化学療法との併用もあります。治療スケジュールは、照射部位や総線量などの要件を反映した治療計画に基づいて決定されます。

手術は、リンパ節の摘出など、病変部位を切除する治療法であり、最近では化学療法と併用されることが多くなっています。

幹細胞移植は、高用量の化学療法を行った後に、自己または他人の幹細胞を移植する治療法であり、再発を防ぐために行われます。

治療法は病状や患者の状態によって異なりますが、適切な治療法を選び、治療を進めることが重要です。

ホジキンリンパ腫の予後

ホジキンリンパ腫の予後

ホジキンリンパ腫の生存率はどのくらいですか?

ホジキンリンパ腫の予後は、症状のステージや状態によって異なります。

限局期の5年生存率は70~90%、進行期は40~60%とされています。
また、病勢で分類すると、低悪性度は年単位、中悪性度は月単位、高悪性度は週単位の予後があります。

しかし、低リスク群では5年無病生存率が90%以上、全生存率が95%以上、高リスク群でも5年無病生存率が80%以上、全生存率が90%以上となることが分かっています。

ホジキンリンパ腫は完治しますか?

ホジキンリンパ腫は、標準治療によって治癒する可能性がある病気です。

限局期であれば90%近く、進行期でも70%前後の患者が治癒するとされています。
初回治療期間は限局期で3か月弱〜5か月、進行期で6か月程度です。

治療中および治療後は、普段通りの生活を送ることが推奨され、再発しても有効な治療法があります。
1-2期であれば、少ない量の放射線治療により、80-90%治癒すると言われています。
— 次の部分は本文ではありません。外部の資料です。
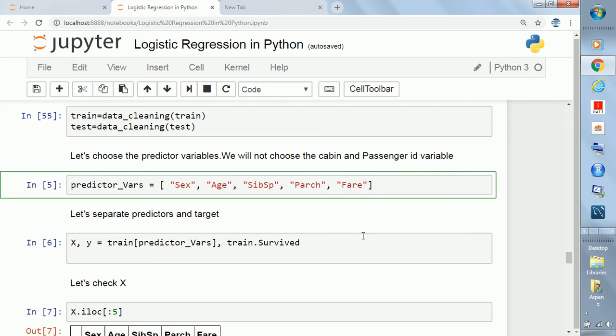From the train dataset you have to create x and y. X is the predictor variables - from train data we're selecting these predictors. Then inside brackets, comma, train survived - this is the target variable whether it's zero or one.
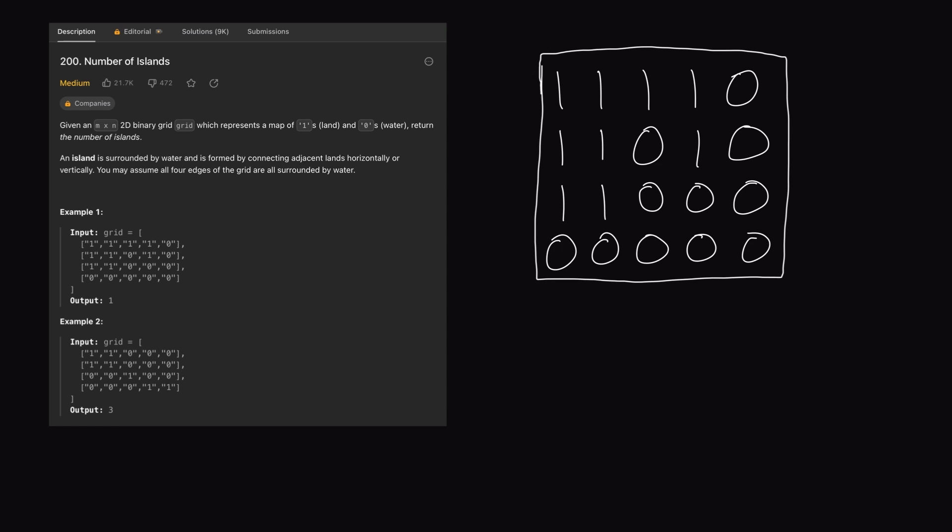Hello everybody, welcome back. In today's video, we're going to be taking a look at LeetCode problem number 200, number of islands. This is a very common problem asked at a lot of big tech companies like Google, Uber, Microsoft, and many more. I like this problem because it's a very good introductory problem to understand how we can use breadth-first search on a matrix.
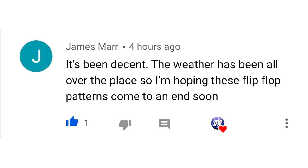For today's comment of the day, I asked how the spring went in your opinion. James Marr said it's been decent but the weather has been all over the place, hoping the flip-flop patterns come to an end. I can't agree more — it really bothers my allergies and sinuses and I'm ready for that to end.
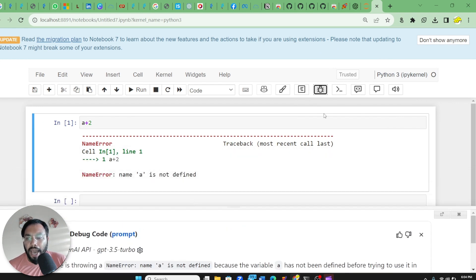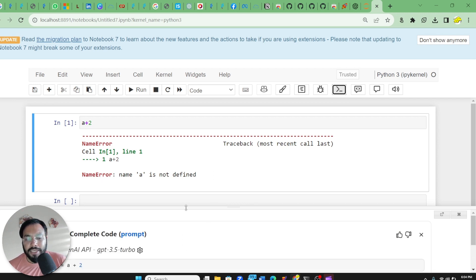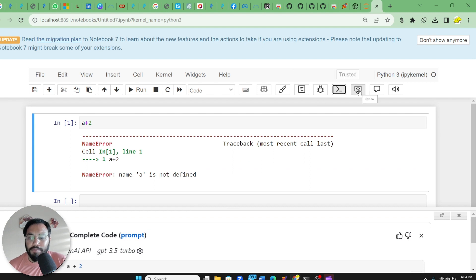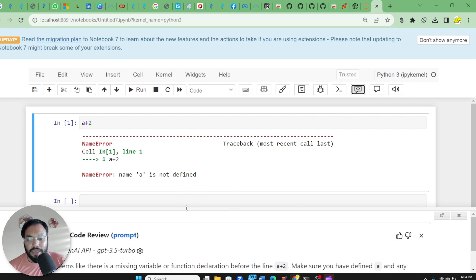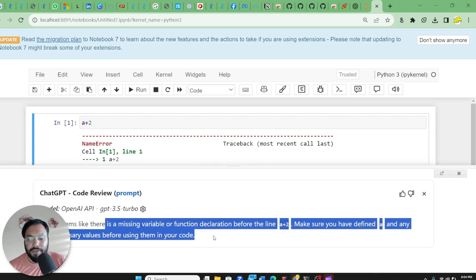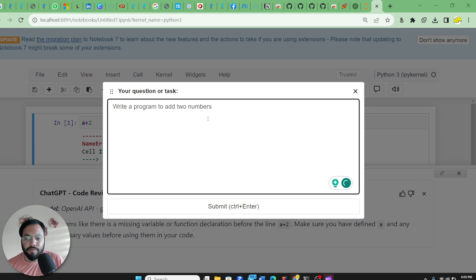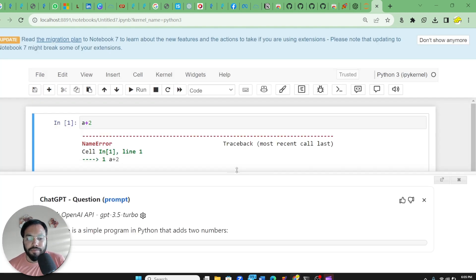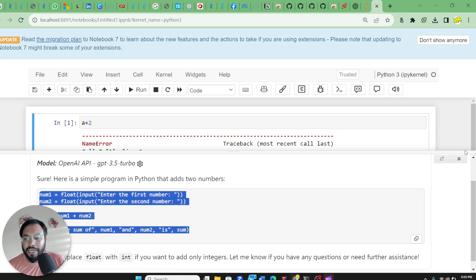You can debug your code, and there is also a 'complete' option — if you want completion of your code, click it and it will write the completion. You can also review your code and it will give a description of the problem it is facing. Additionally, you can ask a question such as 'write a program to add two numbers' and hit Ctrl+Enter — you will see that it has generated the code for you, which you can copy and use in your notebook.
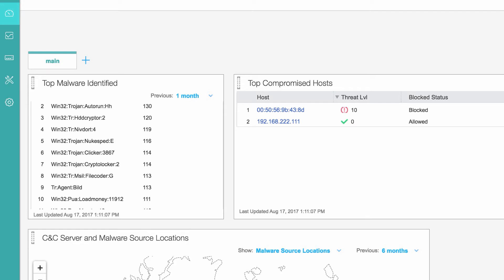119 hits of Win32 TR Nip Dort 4, and 116 hits of Win32 Trojan Otter E.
ホジキンリンパ腫の治療後、健康な生活習慣はどのように保つことができますか?

まず、バランスの取れた食事を心がけましょう。
野菜、果物、全粒穀物、タンパク質など、栄養バランスが良い食品を摂取するようにしましょう。
また、加工食品や脂肪分の多い食品は控えめにしましょう。
適度な運動も健康維持に欠かせません。
過度な運動は身体に負担をかけることがあるため、医師の指導のもと、無理のない程度で行いましょう。
ストレスを軽減することも大切です。
ストレスは免疫力を低下させることがあるため、ヨガや瞑想、散歩など、自分に合った方法でリラックスすることが重要です。
定期的な検査を受けることで、がんの再発や合併症の早期発見が可能となります。
医師の指導に従って、必要な検査を受けましょう。
また、喫煙や過剰なアルコール摂取は、がんのリスクを高めるだけでなく、治療後の健康にも悪影響を及ぼします。禁煙や減酒に努めましょう。
最後に、十分な睡眠時間を確保し、健康的な睡眠を心がけましょう。
睡眠不足は免疫力を低下させ、健康に悪影響を及ぼすことがあります。
以上のように、ホジキンリンパ腫の治療後には、バランスの取れた食事や適度な運動、ストレス軽減、定期的な検査、禁煙や減酒、健康的な睡眠など、健康的な生活習慣を維持することが大切です。

ホジキンリンパ腫は遺伝しますか?

ホジキンリンパ腫は、遺伝的な原因によって引き起こされることはありません。
この病気の発症には、免疫系の異常が関与していますが、これは環境的な要因やウイルス感染などが原因とされています。
ただし、家族歴がある場合は、発症リスクが若干高くなるとされています。
しかし、遺伝子に明確な異常があるわけではなく、家族歴があっても必ずしもホジキンリンパ腫になるわけではありません。
一般的には、多くの場合、環境要因が関与して発症すると考えられています。

編集部まとめ

ホジキンリンパ腫
本記事では、ホジキンリンパ腫の症状、原因、治療法について解説しました。
この病気は、リンパ球が悪性腫瘍化して発症するものであり、治療法には化学療法や放射線療法、手術、幹細胞移植などがあります。
また、早期発見できれば比較的生存率は高いことが知られています。
ホジキンリンパ腫について正しい知識を持ち、早期発見・治療することが大切です。
本記事が少しでもお役に立てれば幸いです。
最後までお読みいただきありがとうございました。